This is the state that drove 700,000 inhabitants out, obliterating villages and cities (Deir Yassin is no longer on the physical map), refusing reparations or the law of return for those driven out, building the wall, ghettoizing and Bantustising what remains of the West Bank, dividing families and their homes and lands.
Citing Rachel Corrie and Muhammed al Durrah, it glides over by suggesting “the Israeli military makes mistakes during the execution of counter terrorist operations.” And then this classic defense of these cold blooded killings – “But what Western fighting force does not?”
Criticizing Zionism is NOT anti-Semitism. States do not exist without an “official” map. Israel has to exist. Its citizens have a right to live in peace and harmony within its defined borders. They forget that to ensure this its neighbors should also have the same rights.

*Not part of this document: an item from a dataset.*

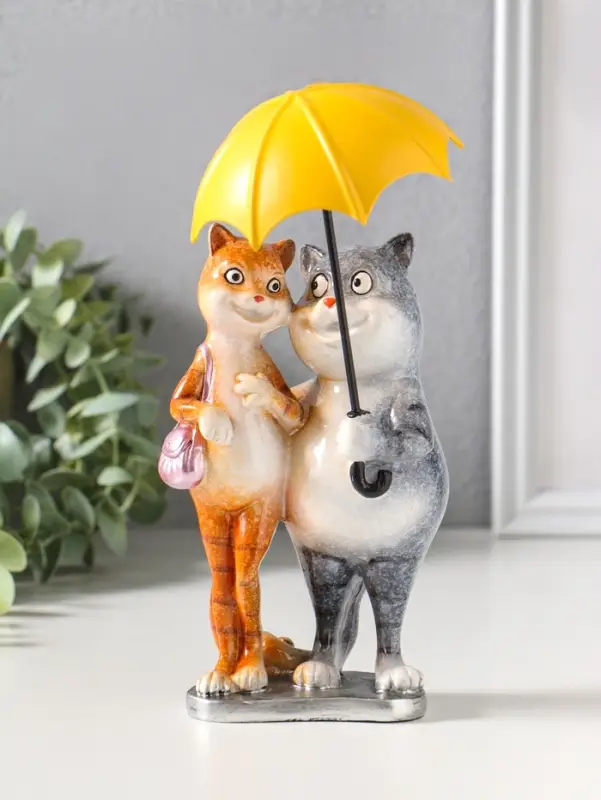 Фигурка полистоун лак &laquo;Котики. Прогулка под зонтом&raquo;, 21.5&times;10&times;11.2 см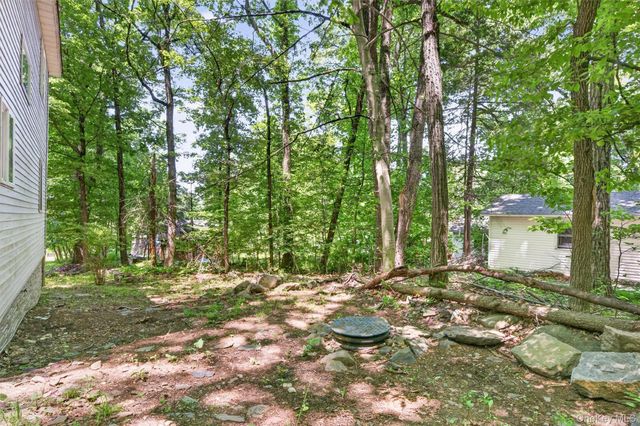 7 Cascade Trail, Monroe, NY 10950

Israel, Palestinians and other states in their neighborhood should come out of knee-jerkism and refrain from the tiresome blame game and extend guaranteed human rights to every citizen in their states.
Both Israel and Palestinians have to demonstrate more effectively that they want to live in peace and do not want to kill, maim, expel from their land. It is for them to deliberate and decide if this should come under One State of Two State solution.
The world should help them reach this decision but should not refrain to remind Israel that it should curb its policies of occupation, subjugation, ethnic cleansing, and terrorising.
We should encourage initiatives that will let all Israelis and Palestinians to live in peace, with dignity, justice and guaranteed fundamental human rights in secure borders, as enshrined in the various UN resolutions.
To remove misgivings, doubts and suspicions, international bodies including the UN, the European Union, OIC should be enlisted to provide guarantees. Peace in the region is not to be equated with death for the state of Israel.